(Beginning of Material for this exercise)

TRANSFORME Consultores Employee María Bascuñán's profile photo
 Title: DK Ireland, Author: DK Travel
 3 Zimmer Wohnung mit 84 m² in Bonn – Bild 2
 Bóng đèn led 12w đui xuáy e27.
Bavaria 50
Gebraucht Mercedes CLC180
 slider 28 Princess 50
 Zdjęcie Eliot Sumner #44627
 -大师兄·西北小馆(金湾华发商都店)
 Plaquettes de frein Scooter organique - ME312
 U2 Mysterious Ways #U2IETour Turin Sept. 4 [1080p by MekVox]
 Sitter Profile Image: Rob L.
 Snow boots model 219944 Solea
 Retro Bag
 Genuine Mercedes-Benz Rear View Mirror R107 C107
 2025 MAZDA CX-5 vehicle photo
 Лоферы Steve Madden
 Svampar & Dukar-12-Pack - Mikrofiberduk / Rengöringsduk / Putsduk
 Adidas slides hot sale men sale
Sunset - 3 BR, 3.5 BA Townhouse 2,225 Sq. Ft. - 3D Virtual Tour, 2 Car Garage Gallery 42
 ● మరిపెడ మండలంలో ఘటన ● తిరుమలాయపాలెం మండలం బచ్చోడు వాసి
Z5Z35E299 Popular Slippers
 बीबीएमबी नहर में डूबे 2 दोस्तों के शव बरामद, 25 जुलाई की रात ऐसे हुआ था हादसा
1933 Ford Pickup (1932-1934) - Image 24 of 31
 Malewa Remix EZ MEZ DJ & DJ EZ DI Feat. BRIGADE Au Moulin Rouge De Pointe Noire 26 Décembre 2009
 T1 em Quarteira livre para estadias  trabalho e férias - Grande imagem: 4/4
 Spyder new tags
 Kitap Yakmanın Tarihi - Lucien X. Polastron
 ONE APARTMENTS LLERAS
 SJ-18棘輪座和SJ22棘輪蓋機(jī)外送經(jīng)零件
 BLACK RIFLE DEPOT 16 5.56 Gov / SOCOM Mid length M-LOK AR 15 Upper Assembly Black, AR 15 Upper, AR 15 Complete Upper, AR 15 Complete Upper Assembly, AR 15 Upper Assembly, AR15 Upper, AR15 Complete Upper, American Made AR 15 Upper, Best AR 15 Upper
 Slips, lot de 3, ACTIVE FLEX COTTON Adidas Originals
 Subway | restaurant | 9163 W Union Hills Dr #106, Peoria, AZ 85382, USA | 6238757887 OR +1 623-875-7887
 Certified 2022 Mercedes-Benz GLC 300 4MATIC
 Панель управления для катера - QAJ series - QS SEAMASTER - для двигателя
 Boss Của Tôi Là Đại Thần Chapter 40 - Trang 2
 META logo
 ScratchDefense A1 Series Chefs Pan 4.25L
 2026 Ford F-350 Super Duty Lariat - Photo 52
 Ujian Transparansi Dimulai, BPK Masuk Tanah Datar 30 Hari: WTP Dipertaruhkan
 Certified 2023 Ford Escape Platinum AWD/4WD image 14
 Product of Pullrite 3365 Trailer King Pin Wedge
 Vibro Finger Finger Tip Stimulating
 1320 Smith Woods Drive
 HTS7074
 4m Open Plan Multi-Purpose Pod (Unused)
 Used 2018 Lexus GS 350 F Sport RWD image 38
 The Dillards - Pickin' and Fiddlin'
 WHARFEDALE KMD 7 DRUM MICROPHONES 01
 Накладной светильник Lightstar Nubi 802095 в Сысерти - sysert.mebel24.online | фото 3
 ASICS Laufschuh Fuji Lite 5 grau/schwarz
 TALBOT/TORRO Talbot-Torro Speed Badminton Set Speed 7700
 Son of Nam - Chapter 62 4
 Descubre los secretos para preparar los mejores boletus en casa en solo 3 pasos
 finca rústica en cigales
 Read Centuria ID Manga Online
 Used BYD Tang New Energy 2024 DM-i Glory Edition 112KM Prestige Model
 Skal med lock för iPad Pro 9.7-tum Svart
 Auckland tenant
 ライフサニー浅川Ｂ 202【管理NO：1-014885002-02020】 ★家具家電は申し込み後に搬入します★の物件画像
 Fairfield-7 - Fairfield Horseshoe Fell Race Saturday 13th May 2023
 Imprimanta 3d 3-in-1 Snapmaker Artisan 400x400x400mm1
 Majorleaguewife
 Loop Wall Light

(End of Material for this exercise)

### Problem requirements
Copy, character for character, the lines from the line that holds "Used BYD Tang" through the final line of the records above.

### Exercise result
 Used BYD Tang New Energy 2024 DM-i Glory Edition 112KM Prestige Model
 Skal med lock för iPad Pro 9.7-tum Svart
 Auckland tenant
 ライフサニー浅川Ｂ 202【管理NO：1-014885002-02020】 ★家具家電は申し込み後に搬入します★の物件画像
 Fairfield-7 - Fairfield Horseshoe Fell Race Saturday 13th May 2023
 Imprimanta 3d 3-in-1 Snapmaker Artisan 400x400x400mm1
 Majorleaguewife
 Loop Wall Light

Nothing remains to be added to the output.